The “judgment” referred to in the opinion and order of court was clearly that personal judgment against appellant for the recovery of the money improperly taken by it, and has no relation to the finding of fact on which it was predicated, concerning which no fault was found or error suggested by the judge. He had in his opinion said:
“If this order [referring to the order which should have been made by the referee] was not complied with it would be the basis for a proper and appropriate proceeding to recover said money.”
In view of the order as actually made by the District Judge considered by itself or as elucidated by the opinion, we think the remanding of the case was not for a further hearing of the issue of fact involved in it. The order was merely to set aside the unwarranted entry of judgment, and proceed according to law. That means, we think, to proceed to enter an order requiring appellant to pay the money found to have been unlawfully taken by it from the bankrupt subject to a possible rule for contempt in case of failure to comply with it. This was the interpretation placed upon the order by the referee, and we think he was right.

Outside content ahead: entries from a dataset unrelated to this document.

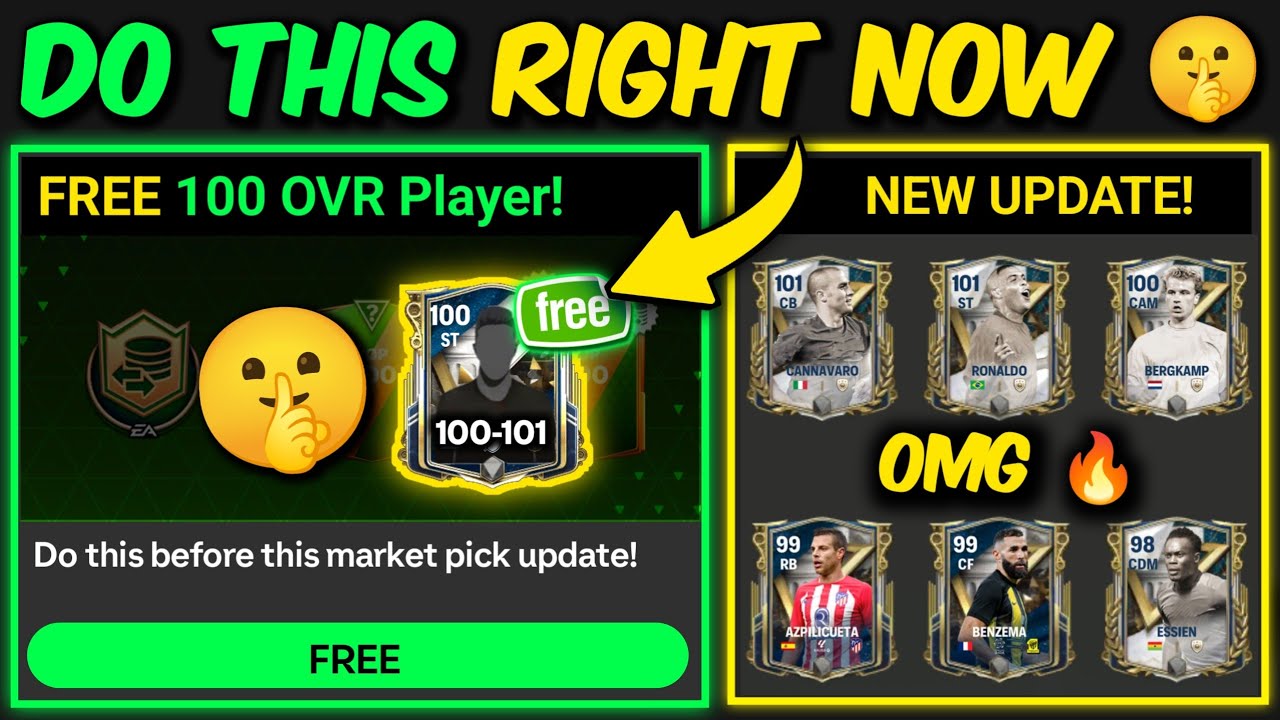 GLITCHES! FREE 100 OVR Player – Market Pick Update GLITCHES! FREE 100 OVR Player – Market Pick Update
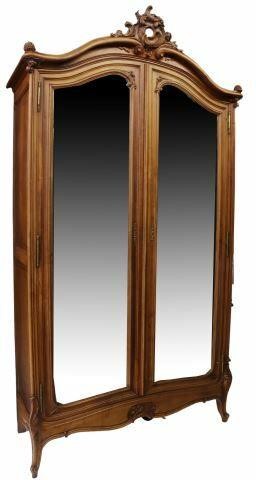 FRENCH LOUIS XV STYLE MIRRORED 359948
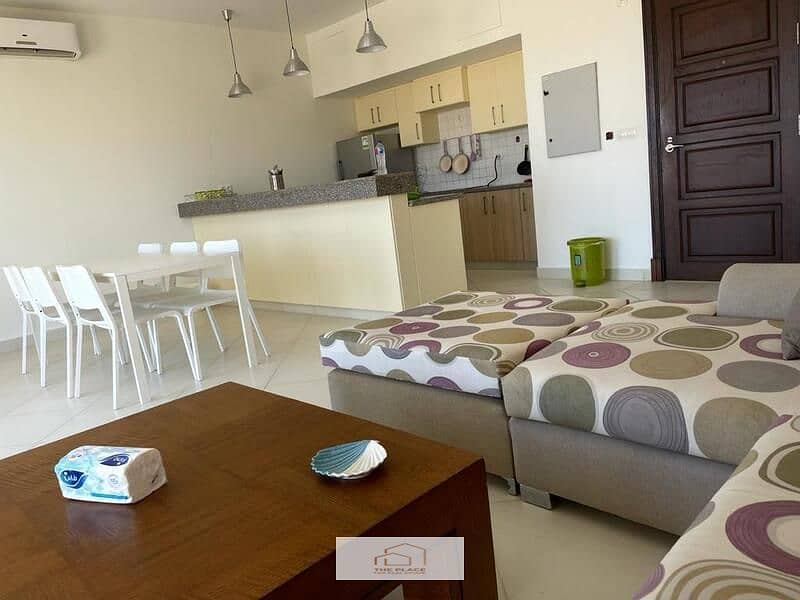 Fully Furnished  + AC`s Chalet For Sale in Marassi North Coast 0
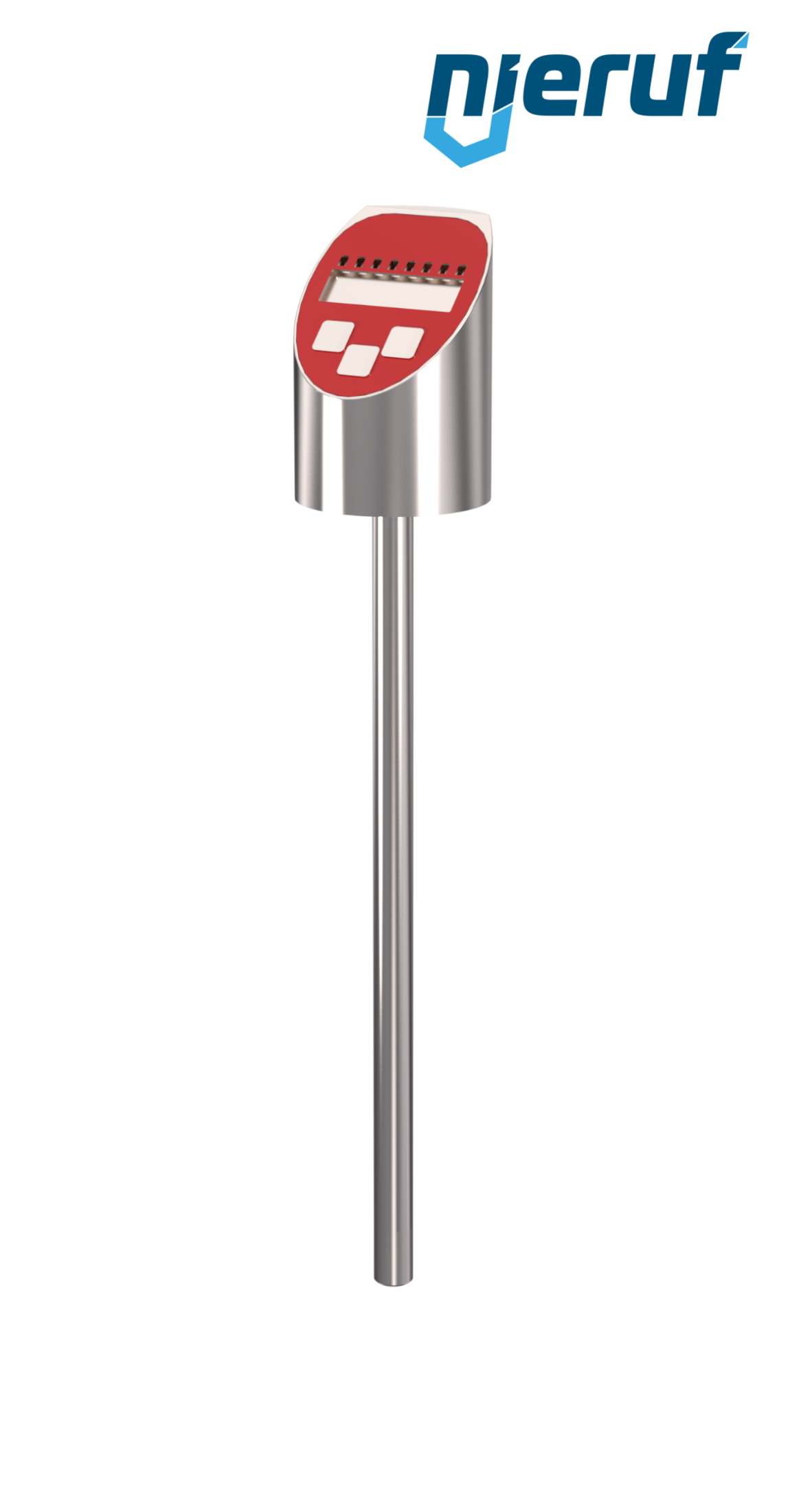 Digitaler Temperaturschalter -99°C - +200°C Sensor 200 mm 6 mm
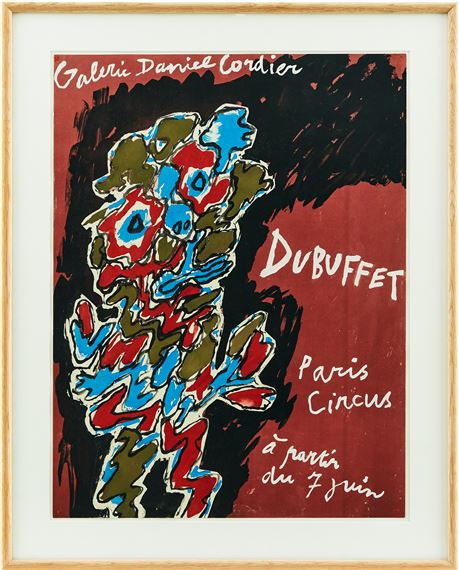 Jean Dubuffet | Paris Circus - Galerie Daniel Cordier | MutualArt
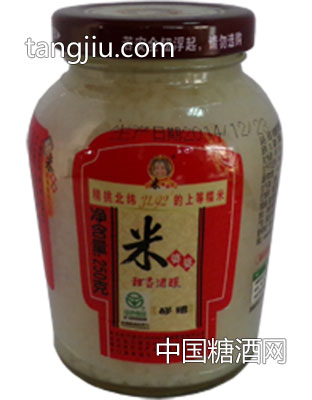 米婆婆甜香酒酿250g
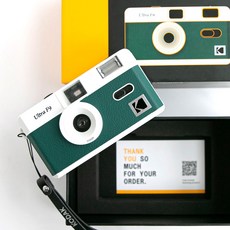 [코닥 공식수입] 코닥 공식 수입 kodak 코닥 필름카메라 Ultra F9 / Dark Green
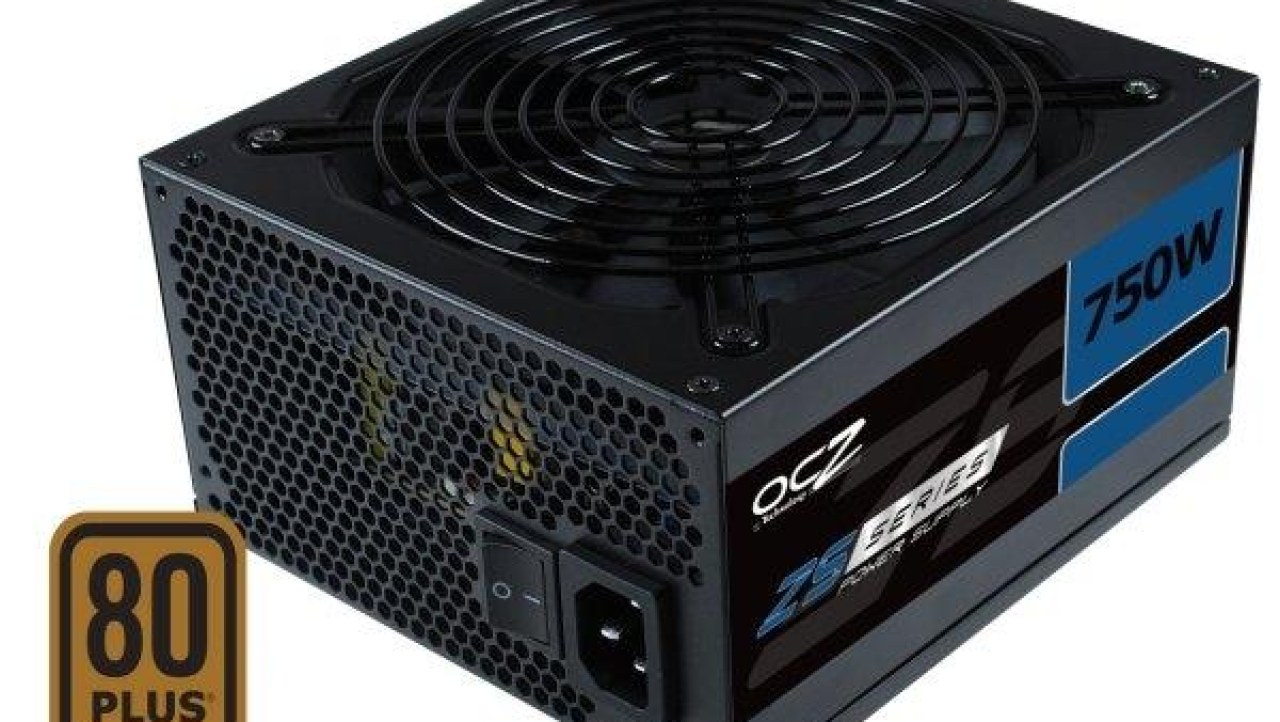OCZ ZS750W Power Supply Review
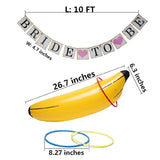 Bachelorette Party Favors Inflatable Banana Ring Toss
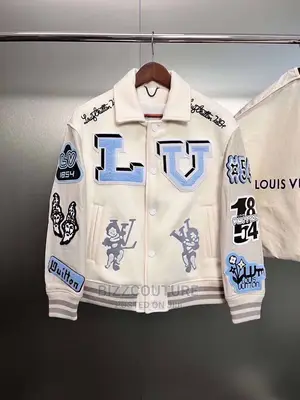 Original Louis Vuitton Jacket Available in Store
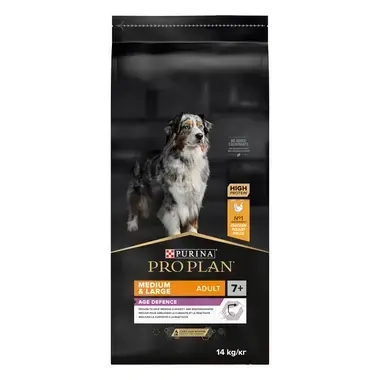 PURINA® PRO PLAN® Medium & Large Adult 7+ Age Denfence, kuře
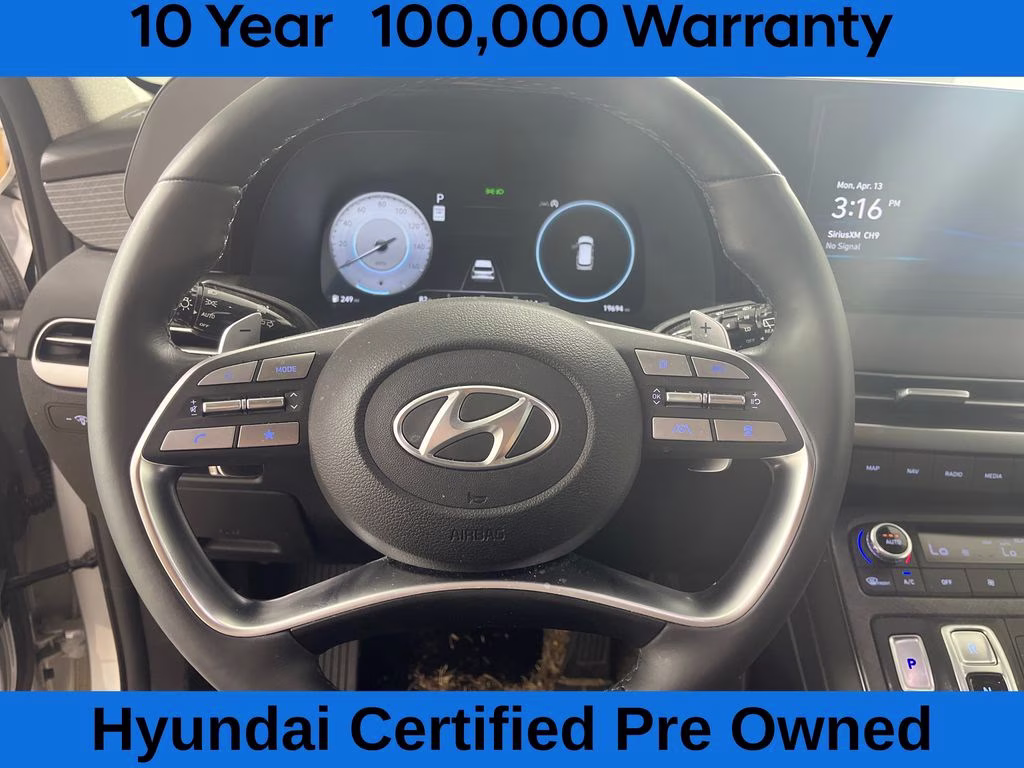 2025 Typhoon Silver Hyundai Palisade Limited FWD SUV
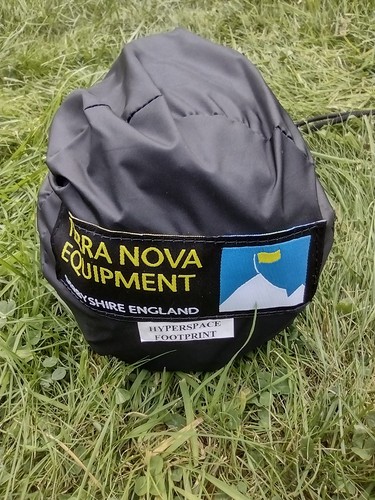Terra nova hyperspace - terra, tent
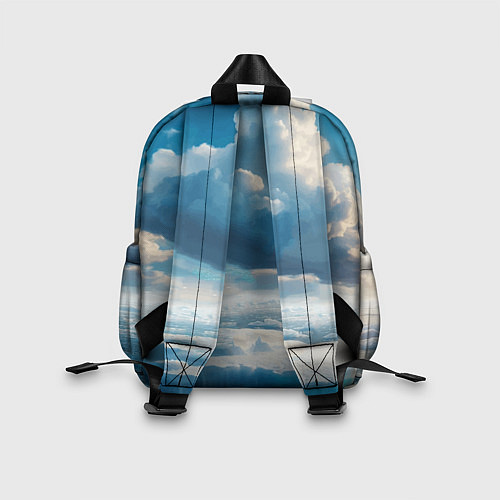 Детский рюкзак Полярный медведь на льдине / 3D-принт – фото 2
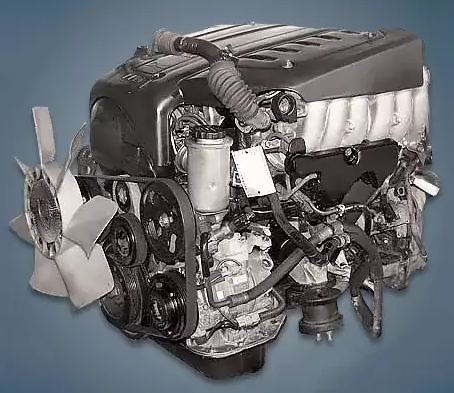 Engine Toyota 1JZ FSE - Engine Toyota 1JZ-FSE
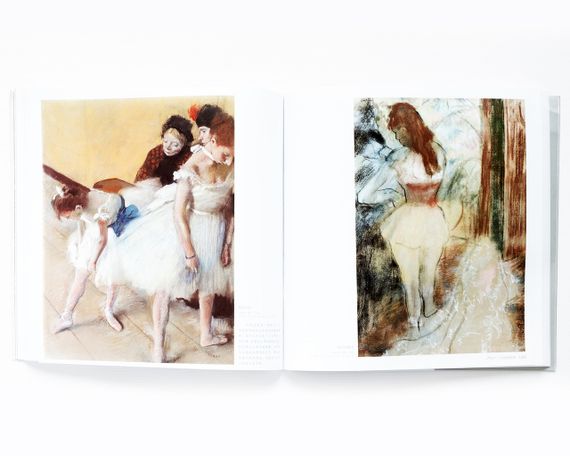 Книга полное собрание эскизов художника Эдгар Дега. Edgar Degas подарочные книги об искусстве | Зображення 1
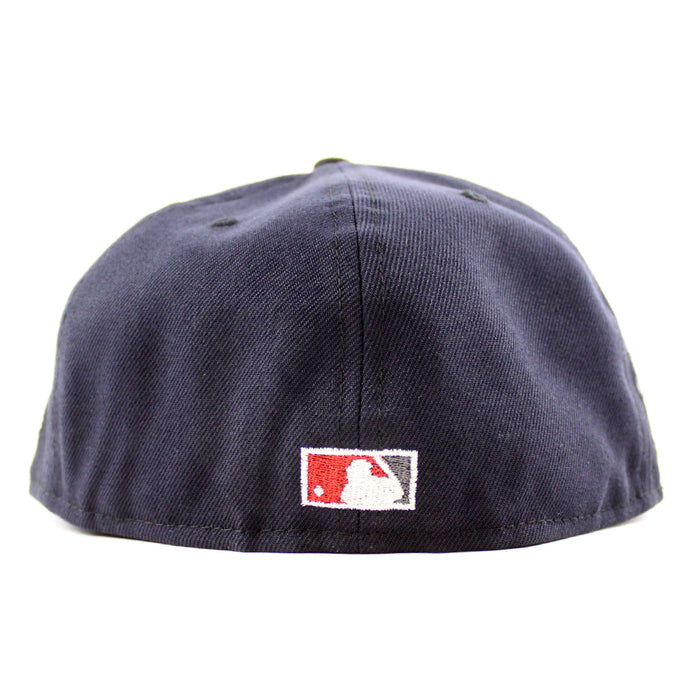 Minnesota Twins HHH Metrodome New Era 59Fifty Fitted Hat (Navy Black Green Under Brim)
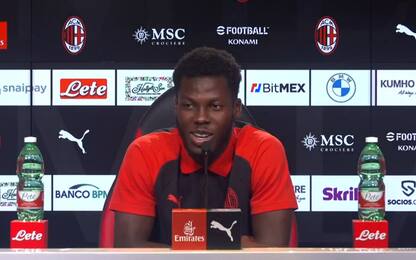 Musah: "Milan un sogno, Pioli mi vuole mezzala"
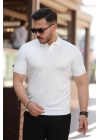 Erkek Hemşire Yaka Kısa Kollu Tişört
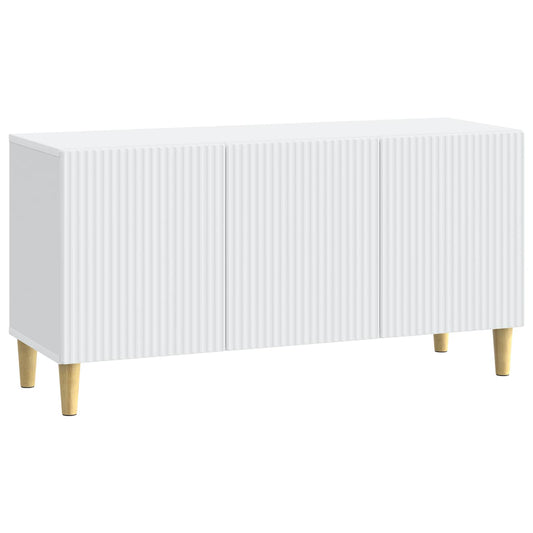 TV Cabinet White 99 x 34.5 x 50 cm Engineered Wood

Conceding, however, that he might in his discretion on an appropriate showing, have permitted appellant to amend its answer and introduce new and relevant evidence, we are of opinion that no sufficient showing was made to warrant the exercise of discretion favorable to appellant in that particular. No proposed-amended answer was exhibited to the referee, and no other information was vouchsafed to him showing what new defense, if any, the appellant desired to make. Neither was there any showing that there were any facts newly discovered, material or otherwise, that appellant desired to bring forward. All the information which the motion and accompanying affidavits gave to the referee was that appellant desired to offer a large number of papers, contracts, and receipts which, with other testimony, would show facts claimed to constitute a defense. This was very general language, and gave no facts to show or ground to believe that appellant had a meritorious defense. The learned District Judge exercising supervising control over the referee approved his action, and we discover no reason for disturbing the conclusion reached by both of them on this matter which rests largely in discretion.
The decree below was for the right party, and is affirmed.